Jamie Foxx. Pic/Santa Banta
Jamie Foxx's stand-up comedy specials, 'Jamie Foxx: Straight from the Foxxhole' (1993), 'Jamie Foxx: I Might Need Security' (2002) and 'Jamie Foxx Unleashed: Lost, Stolen and Leaked!' (2003) are noteworthy.
Apart from stand-up comedy, he has gone on to become a successful Hollywood actor. Beginning in acting career in the 1992 Robin Williams vehicle, 'Toys', he was cast as a hard-partying American football player in Oliver Stone's 1999 film, 'Any Given Sunday', which was his first dramatic role.
Jamie Foxx portrayed late music legend Ray Charles in the 2004 biopic, 'Ray', a performance which earned him the Academy Award and BAFTA Award for Best Actor as well as the Golden Globe Award for Best Actor in a musical or comedy. The same year, he was nominated for the Academy Award for Best Supporting Actor for his role in the action film 'Collateral'. Jamie Foxx's other prominent roles include the title role in the film 'Django Unchained' (2012), the villain Electro in 'The Amazing Spider-Man 2' (2014) and William Stacks in the 2014 version of 'Annie'.
Robin Williams: The late, great Robin Williams, who has amassed a massive and diverse filmography started as a stand-up comedian in San Francisco and Los Angeles in the mid-1970s, and is credited with leading San Francisco's comedy renaissance. While performing at a club in Los Angeles in 1977, Williams caught the attention of TV producer George Schlatter, who asked him to appear in a revival of his 'Laugh-In' show, which would become the future actor's debut TV performance.
After that, Robin Williams continued to perform stand-up comedy at various clubs and sharpened his improvisational skills, which would later become his trademark. He drew influences from comedy legends Peter Sellers, Dudley Moore and Peter Cook. In an interview with Sir Michael Parkinson in 2002, Robin Williams said he was also influenced by Richard Pryor's fearless ability to talk about his personal life on stage, with subjects including his use of drugs and alcohol, and Williams added those kinds of topics during his own performances.

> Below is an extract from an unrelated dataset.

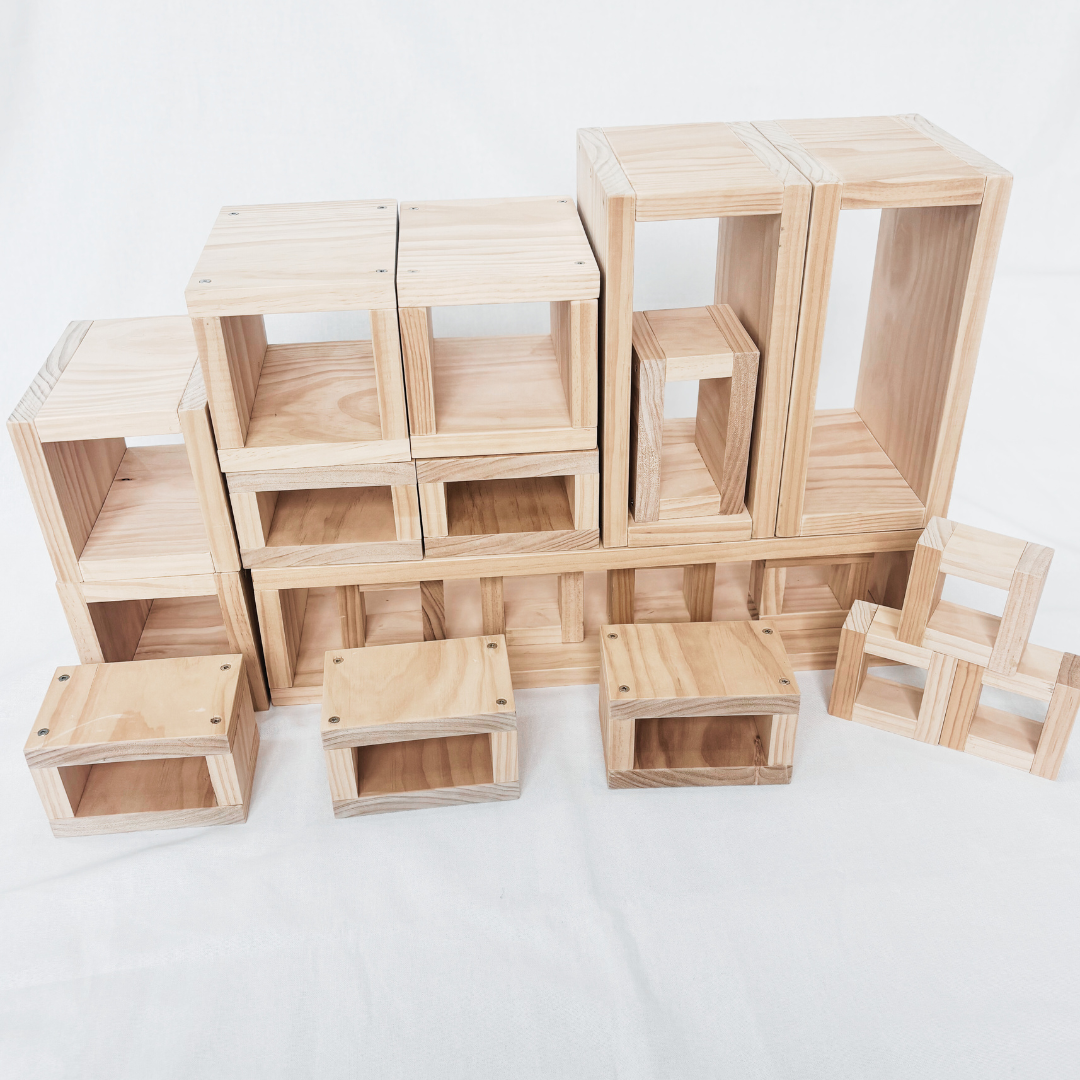 Handmade Wooden Block Set – Large Natural Building Blocks for Open-Ended Play (22 Pieces) | Made by Freeplay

After rising to fame as Mork in the sitcom Mork & Mindy (1978–82), in which Williams played the alien Mork, he made his film debut in the musical comedy Popeye (1980). Robin Williams also starred or co-starred in widely acclaimed films, including, 'The World According to Garp' (1982), the war comedy 'Good Morning, Vietnam' (1987), the dramas 'Dead Poets Society' (1989) and 'Awakenings' (1990), the comedy-drama 'The Fisher King' (1991), a voice role in the animated musical fantasy 'Aladdin' (1992), the drama 'Good Will Hunting' (1997), and the psychological thriller 'One Hour Photo' (2002), as well as financial successes such as the fantasy adventure film 'Hook' (1991), the comedy 'Mrs. Doubtfire' (1993), the fantasy adventure 'Jumanji' (1995), the comedy 'The Birdcage' (1996), and the fantasy adventure-comedy 'Night at the Museum' (2006).